Listening is a skill that we’re in danger of losing in a world of digital distraction and information overload.
In a famous psychology experiment, participants watching a video of people passing a basketball around while moving missed a remarkable sight: Midway through the video, someone wearing a gorilla suit strolls through the exercise, pauses to beat his chest, and moves on. Participants were asked with a cognitive task: counting the number of passes made by players wearing white shirts, and the focus on one activity induced a kind of blindness to the extraordinary visitor.
A new study shows that inattentional deafness exists, too.

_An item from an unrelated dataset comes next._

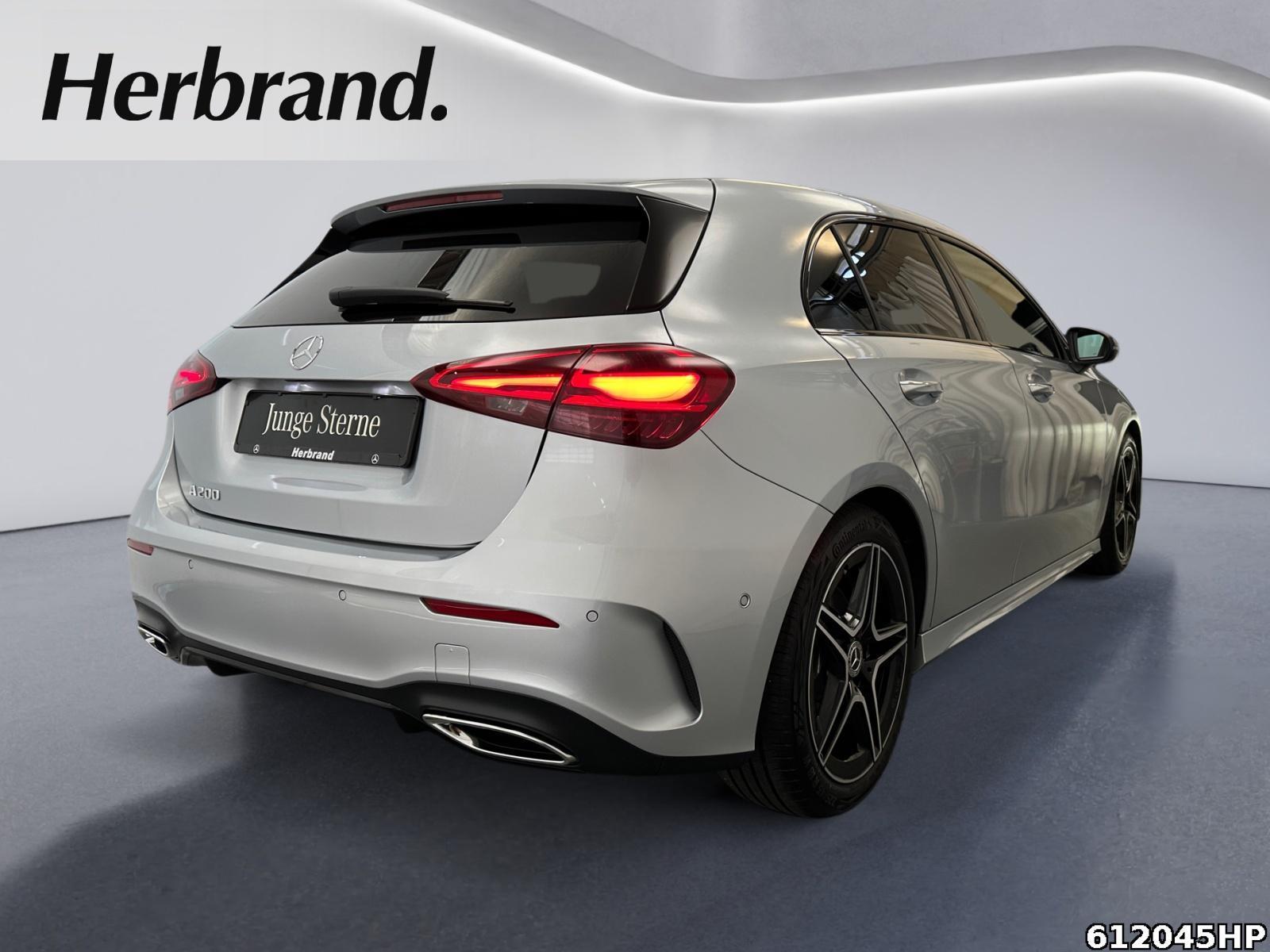 Fahrzeugabbildung Mercedes-Benz A 200 AMG AHK Night Distronic Kamera Keyless Amb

Forty-five people listened to a 3D, stereo recording, lasting just over a minute, of two men and two women independently discussing preparations for a party. Half the participants were instructed to listen closely to the men’s conversation, half to the women’s. Halfway through the recording, a man moves through the audio landscape saying “I’m a gorilla. I’m a gorilla,” before exiting. This lasts 19 seconds.
Afterward, when asked if they heard anything odd, 90% of the participants who were attending to the male voices mentioned the gorilla-man — but only 30% of the participants focusing on the female voices did.
All but one of 45 people in a control group—they were asked simply to listen to the tape—mentioned the gorilla interloper immediately.
As it happens, the path the gorilla took, in this experiment, took him closer to the men than to the women—so spatial proximity to the male voices played some role. To test how great that role was, the researchers did a second experiment in which the male gorilla-voice appeared nearer to those of the women. That reduced the effect but hardly eliminated it: 55% of listeners told to pay close attention to the female speakers failed to notice the person saying, “I’m a gorilla.”
Very interesting how we can be dismissive of visual and auditory cues when we shift our attention.